"Big boys" battle it out in India
India's mid-cap market has materialized as a battleground for top-name private equity firms, as funds including Bain Capital, Kohlberg Kravis Roberts & Co., Baring and ICICI Venture have emerged as contenders to invest between $50-75 million in two domestic firms.
Last week, news surfaced that Bain, ChrysCapital, KKR and Warburg Pincus are competing to make a $50-75 million investment in aero-engineering and manufacturing consultancy Quest Global. That same day, news broke that Indian educational platform TutorVista Global has attracted the attention of Baring Private Equity Asia, ICICI Venture, New Enterprise Associates and Singapore's GIC and Temasek Holdings, as well as existing investors such as Lightspeed Ventures and Sequoia Capital, to make a $50 million investment.
Sector by sector growth
Interest in the sectors makes sense, irrespective of the size of the deal. According to local reports, India has seen more than $30 billion worth of airplane and helicopter orders. Founded in 1997, Quest Global currently claims $100 million in yearly revenue, made through the sale of software and services to the likes of Airbus, Boeing, EADS, GE and Rolls Royce – key players in the industry.
As for TutorVista, education and services are also growing industries with opportunities to the tune of $70-80 billion. The company provides online tutoring to a global client base, working with schoolchildren and students in the US.
Playing by new rules
The deals do however represent a departure for some of the global firms: most are unaccustomed to facing such severe competition for mid-cap investments; and most would never consider a deal of this size in any other market. But this could be a sign that international names are coming to understand that India does not play by their rules, and to make money in the market requires a change in criteria.

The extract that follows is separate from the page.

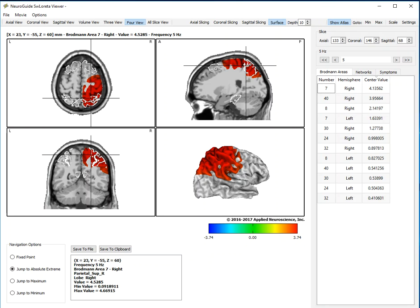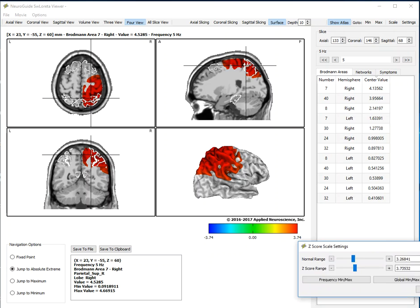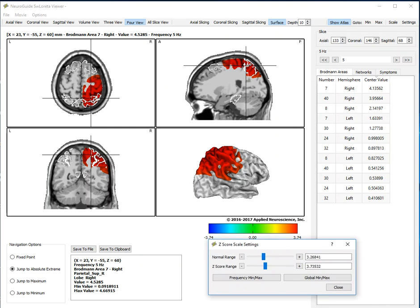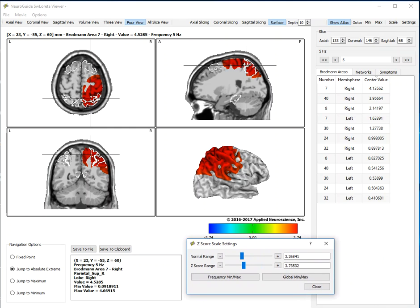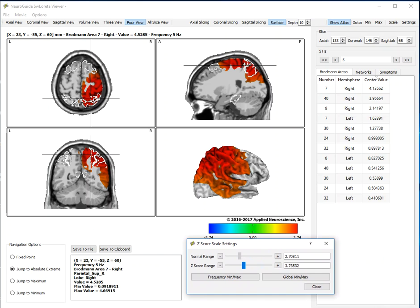You can determine the value of the z-scores that you want to use by clicking the scale and then adjust the z-score value. Here we have it at 3.38. You may want to go down to 2.6 or whatever it is.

"Investments of $50-100 million may be considered mid-sized investments by global standards but, unfortunately in India, there's limited availability for large deals, so anything $50-100 million in range is actually large," says Harsha Raghavan, co-founder of Steer Capital.
The larger, international names are understood to be looking at smaller ticket sizes because this is what the market offers and where deal flow may be richest. After many spent time looking for large buyouts that are few and far between, the opportunity set is simply much greater at the lower end of the spectrum.
"In the Indian market, this size seems to be the size where it's easier to get transactions done," says 3i Group's Head of Asia, Anil Ahuja. "If you decide to do $200 million-plus deals, you'll only see a few of those. You don't want to go through the situation where you go a few years without deploying any capital."
But he adds, "This is probably the bottom end and smallest field the big boys should be looking at." This kind of interest in smaller targets "is uncommon, because in most other markets these players would be seeing this level of competition for deals that are a billion dollars – not even, probably a few billion dollars."
Capital markets as competition
Because IPOs have become such a lucrative capital-raising operation in India, promoters of larger companies rarely see the value of a private equity investor. If a firm were interested in making a large investment in a domestic company, Raghavan says, it is likely that the PE group would see less competition from other firms, and more from a promoter's aspirations to go public. He believes this is in part what is driving the mid-market frenzy.
"These smaller investments are ones that private equity players need to focus on so they're not competing as intensely with the public markets," he says. "This dynamic is forcing the industry to focus on smaller investments, although these operations are more limited."